Cloudflare Docs
AI Gateway
Edit this page
Report an issue with this page
Log into the Cloudflare dashboard
Set theme to dark (⇧+D)

Rate limiting

Rate limiting controls the traffic that reaches your application, which prevents expensive bills and suspicious activity.

​​ Parameters

You can define rate limits as the number of requests that get sent in a specific time frame. For example, you can limit your application to 100 requests per 60 seconds.

You can also select if you would like a fixed or sliding rate limiting technique. With rate limiting, we allow a certain number of requests within a window of time. For example, if it is a fixed rate, the window is based on time, so there would be no more than x requests in a ten minute window. If it is a sliding rate, there would be no more than x requests in the last ten minutes.

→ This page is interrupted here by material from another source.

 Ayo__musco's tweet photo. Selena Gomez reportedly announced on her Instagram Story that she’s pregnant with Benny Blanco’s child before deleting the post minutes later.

To illustrate this, let us say you had a limit of ten requests per ten minutes, starting at 12:00. So the fixed window is 12:00-12:10, 12:10-12:20, and so on. If you sent ten requests at 12:09 and ten requests at 12:11, all 20 requests would be successful in a fixed window strategy. However, they would fail in a sliding window strategy since there were more than ten requests in the last ten minutes.

​​ Default configuration

To set the default rate limiting configuration in the dashboard:

  1. Log into the Cloudflare dashboard and select your account.
  2. Go to AI > AI Gateway.
  3. Go to Settings.
  4. Enable Rate-limiting.
  5. Adjust the rate, time period, and rate limiting method as desired.

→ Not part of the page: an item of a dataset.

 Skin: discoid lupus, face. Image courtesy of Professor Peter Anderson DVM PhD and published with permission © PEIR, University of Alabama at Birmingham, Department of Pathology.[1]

To set the default rate limiting configuration using the API:

  1. Create an API token with the following permissions:
  • AI Gateway - Read
  • AI Gateway - Edit
  1. Get your Account ID.
  2. Using that API token and Account ID, send a POST request to create a new Gateway and include a value for the rate_limiting_interval, rate_limiting_limit, and rate_limiting_technique.

This rate limiting behavior will be uniformly applied to all requests for that gateway.